--- Records for processing ---
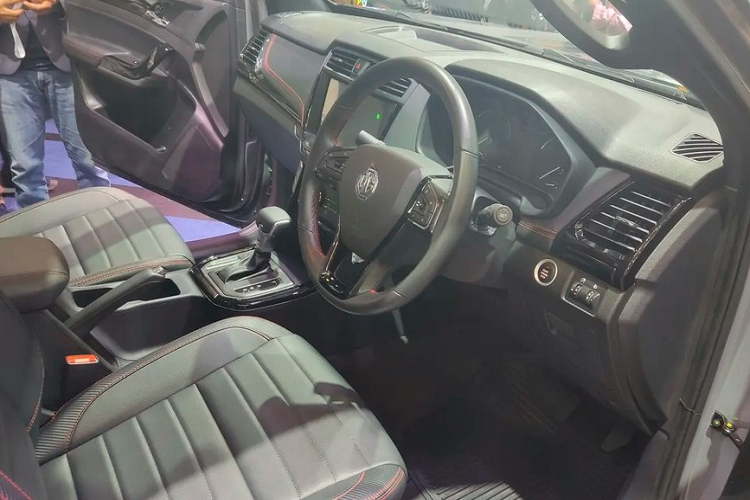 Tương tự ngoại thất, nội thất của MG Extender 2022 cũng được thiết kế theo phong cách thể thao với những điểm nhấn giả sợi carbon và chỉ khâu màu đỏ tương phản. Hãng MG khẳng định mẫu xe bán tải này có thiết kế nội thất cuốn hút và cao cấp trong phân khúc nhờ ghế bọc da, điều hòa tự động, màn hình trung tâm hỗ trợ kết nối với điện thoại thông minh cũng như gương chiếu hậu chống chói.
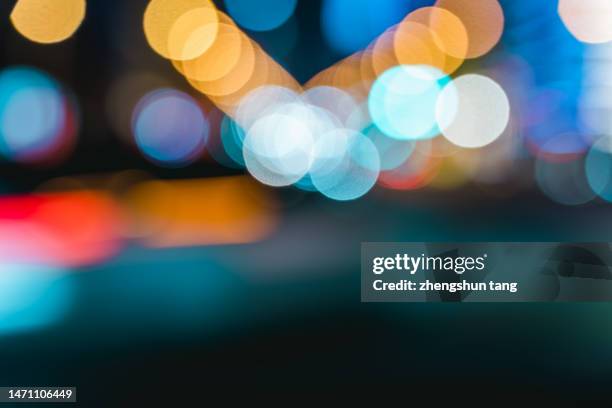 blur view of crowded traffic at night - brake lights foto e immagini stock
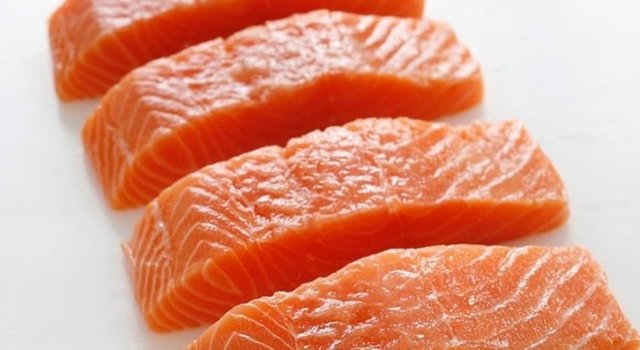 Özellikle somon, alabalık, sardalye ve uskumru çoklu - doymamış yağ asidi omega 3 ten zengindir.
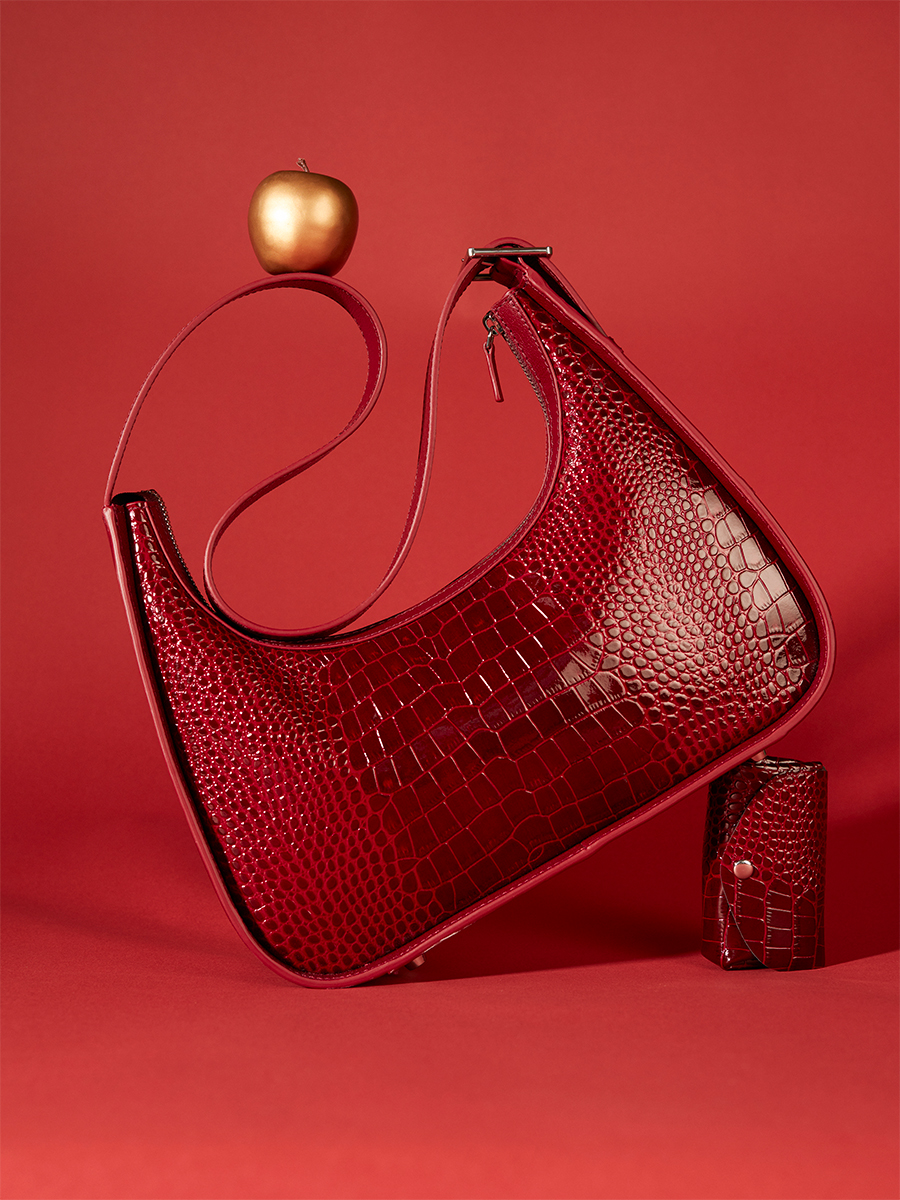 victoire-handbag-leather-burgundy-patent-back-view-w54-cr-ver-dr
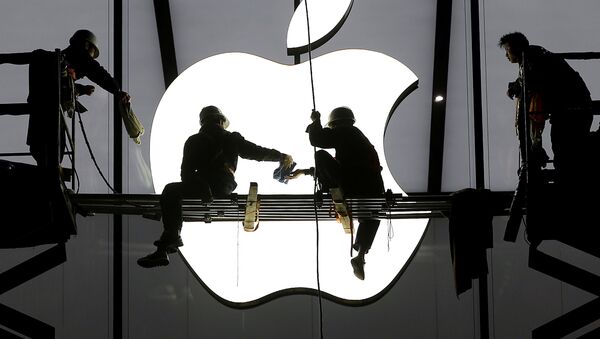 Una tienda de Apple en China - Sputnik Mundo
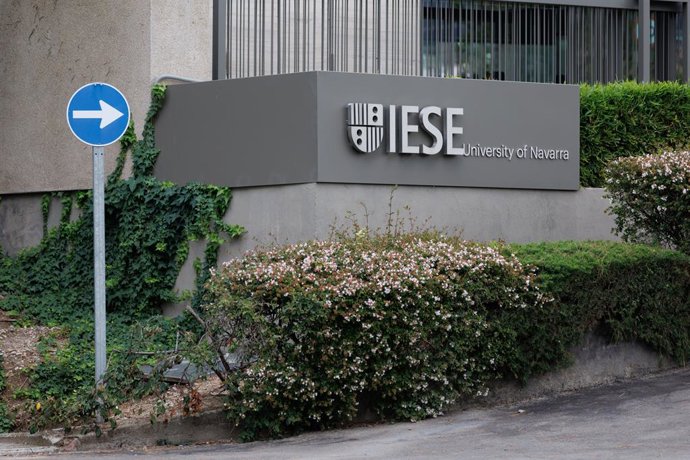 Archivo - Façana de l'escola IESE Business School a Madrid 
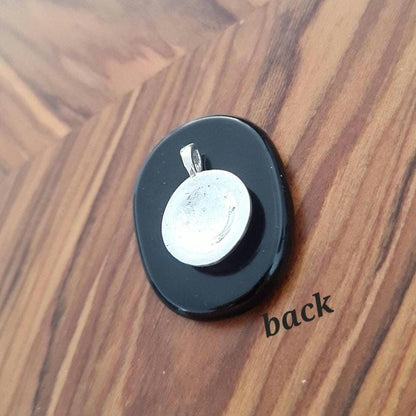 Lips Pendant –Handmade Kiss Necklace – Minimalist Lip Charm – Love Token – sleek & modern design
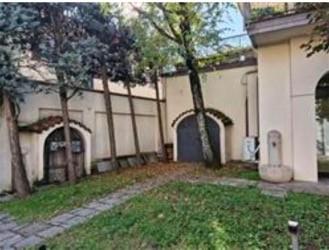 Casa vacanza 5 Locali o pi� in vendita a Castano Primo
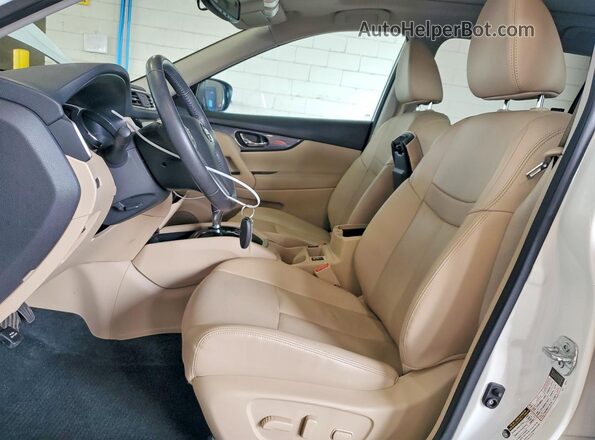 5N1AT2MT1GC761670 2016 NISSAN ROGUE Белый Вид салона спереди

--- Aim of the task ---
Reproduce, word for word, the lines from the one containing "Casa vacanza 5" to the end of the material, both ends included. No picture is copied.

--- Exercise output ---
 Casa vacanza 5 Locali o pi� in vendita a Castano Primo
 5N1AT2MT1GC761670 2016 NISSAN ROGUE Белый Вид салона спереди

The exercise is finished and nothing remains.